Saturday, July 19, 2014

An Inspector Calls . . . And Discovers A Room Full Of Immensely Talented Young Actors - Boston Teen Acting Troupe Presents J. P. Priestley's "An Inspector Calls"

If you hurry, you will still have time to catch the final performance of the Teen Premiere of J.P. Priestley's classic mystery play, "An Inspector Calls."  There is a performance this evening at 8:00 at the Boston Center for the Arts Plaza Black Box Theatre.

Since their founding in 2011, Boston Teen Acting Troupe has amassed a very solid reputation for providing teen actors and creatives who are serious about theater opportunities to hone their skills in front of live audiences.  This production has all of the earmarks of a solid professional production.  In less capable hands, this Edwardian era mystery could come off as dated and dusty.  In the capable hands of Director Catherine Spino, this fine acting troupe handle this period piece in very nuanced ways that make the play lively and its themes timely.
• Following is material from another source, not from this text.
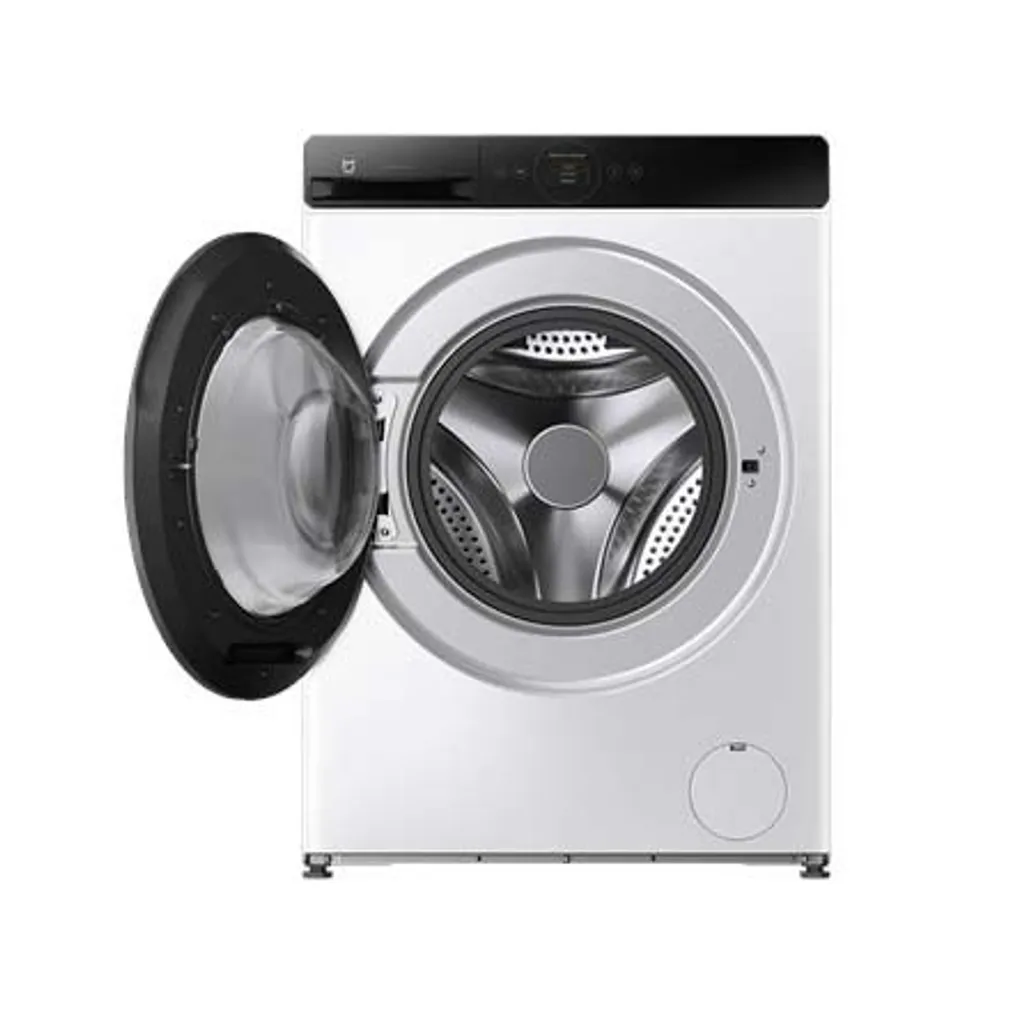 PESUMASIN-KUIVATI XIAOMI MIJIA PRO EESTLAETAV 9KG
The set is elegant and precise, as designed by Molly Porter.  Lighting by Alex Fetchko, Costumes, Hair and Make-Up by Neil Fortin, Sound Design by Jack Serio and Dialect Coaching by Danny Bryck all add to the strong impression that we have been ushered into the very proper dining salon of a very proper aristocratic British family as they as finishing their meal with a toast to their daughters upcoming very proper nuptials.  In the midst of the toasts and celebration, a stranger calls who identifies himself as a Police Inspector.  Complications ensue!

The cast that Ms. Spino has assembled is universally excellent.  In almost every case, the audience soon forgets the actor's chronological age, and settles into seeing each cast member as the age of the character they are portraying in the play.  A bit of gray hair helps in the case of Jack Serio, as pater familias Arthus Birling, but even more impressive are his physical movements, gestures, verbal tics and idiosyncrasies that are characteristic of a man of the world who has been around the block a few times and sees himself as a force to be reckoned with and not to be trifled with.

The rest of the cast shines, as well.

  • Garrett Sager as Gerald Croft
  • Barbara Woodall as Sheila Birling
  • Olivia Hayhurst as Sybil Birling
  • Jordan Underwood as Edna
  • Sam Vita as Eric Birling
  • Brendan Caulfield as Inspector Goole.
Inspector Goole is aptly named, for he ghoulishly haunts the Birling home and family with his questions and insinuations of their potential involvement in the life of a young woman who has committed suicide.  As the Inspector's questions probe ever deeper, individual ghosts emerge and family skeletons come popping out of the proper lavender-scented closet into which they have been stuffed by the various members of the family. Priestley is clever not only in the dialogue he has written and the action he set in motion.  He also manages to allude to many social issues of the day - both the time of the setting of the play (1912) and the time when he wrote the play (1945).

The action is set on the evening of April 15, 1912.  It is the same date as the sinking of the Titanic.  Early in the play, mention is made of an unsinkable ship.  This proper family at the outset seems water tight and unsinkable, but as the Inspector lingers, icebergs appear and holes are ripped in the haughty hulls of the members of the Birling family.  (FYI - April 15, 1912 is also the day that Fenway Park opened for business!)

Along the way, Priestley deals with the rising tension between laborers and industrialists, the role of women in a changing society, denial of the inevitability of war, class warfare of several stripes, and the hypocrisy of keeping up appearances.

Jack Serio as Arthur Birling,
Sam Vita as Eric Birling,
Barbara Woodall as Sheila Birling
and Olivia Hayhurst as Sybil Birling
 (Source:Julia Budde Photography)
This production is a huge success at every level, and adds another feather to the cap of the Boston Teen Acting Troupe.